# What is expected
Transcribe, word for word and with nothing extra, the line containing "Mini pretzels with" and each line that comes after it in the entries.

Caption-style text data:

[Start of Attachment]

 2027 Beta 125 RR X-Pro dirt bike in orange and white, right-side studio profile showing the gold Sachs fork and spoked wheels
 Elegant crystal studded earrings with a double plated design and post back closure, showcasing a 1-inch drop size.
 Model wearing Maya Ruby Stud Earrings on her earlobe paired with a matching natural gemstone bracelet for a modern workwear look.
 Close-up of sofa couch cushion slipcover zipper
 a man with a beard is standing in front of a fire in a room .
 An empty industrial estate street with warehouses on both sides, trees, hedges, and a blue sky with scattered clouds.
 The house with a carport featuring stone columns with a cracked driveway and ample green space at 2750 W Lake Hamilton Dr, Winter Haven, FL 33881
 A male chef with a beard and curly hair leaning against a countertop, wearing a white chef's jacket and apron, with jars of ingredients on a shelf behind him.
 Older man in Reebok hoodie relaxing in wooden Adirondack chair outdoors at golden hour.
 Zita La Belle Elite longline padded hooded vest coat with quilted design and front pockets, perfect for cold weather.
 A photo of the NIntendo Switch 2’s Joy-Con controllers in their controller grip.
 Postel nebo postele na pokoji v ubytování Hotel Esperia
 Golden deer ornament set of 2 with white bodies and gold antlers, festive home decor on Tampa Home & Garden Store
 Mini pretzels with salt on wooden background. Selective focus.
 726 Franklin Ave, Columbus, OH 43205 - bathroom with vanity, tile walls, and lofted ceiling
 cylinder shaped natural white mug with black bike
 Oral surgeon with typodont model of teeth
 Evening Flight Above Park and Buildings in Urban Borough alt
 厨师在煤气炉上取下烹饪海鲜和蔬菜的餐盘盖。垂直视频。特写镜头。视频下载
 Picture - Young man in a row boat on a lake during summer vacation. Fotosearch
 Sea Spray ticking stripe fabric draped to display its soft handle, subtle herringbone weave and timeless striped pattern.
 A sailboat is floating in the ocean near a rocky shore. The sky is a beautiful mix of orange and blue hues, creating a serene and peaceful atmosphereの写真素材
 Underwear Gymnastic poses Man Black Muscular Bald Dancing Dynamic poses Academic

[End of Attachment]

# Task result
 Mini pretzels with salt on wooden background. Selective focus.
 726 Franklin Ave, Columbus, OH 43205 - bathroom with vanity, tile walls, and lofted ceiling
 cylinder shaped natural white mug with black bike
 Oral surgeon with typodont model of teeth
 Evening Flight Above Park and Buildings in Urban Borough alt
 厨师在煤气炉上取下烹饪海鲜和蔬菜的餐盘盖。垂直视频。特写镜头。视频下载
 Picture - Young man in a row boat on a lake during summer vacation. Fotosearch
 Sea Spray ticking stripe fabric draped to display its soft handle, subtle herringbone weave and timeless striped pattern.
 A sailboat is floating in the ocean near a rocky shore. The sky is a beautiful mix of orange and blue hues, creating a serene and peaceful atmosphereの写真素材
 Underwear Gymnastic poses Man Black Muscular Bald Dancing Dynamic poses Academic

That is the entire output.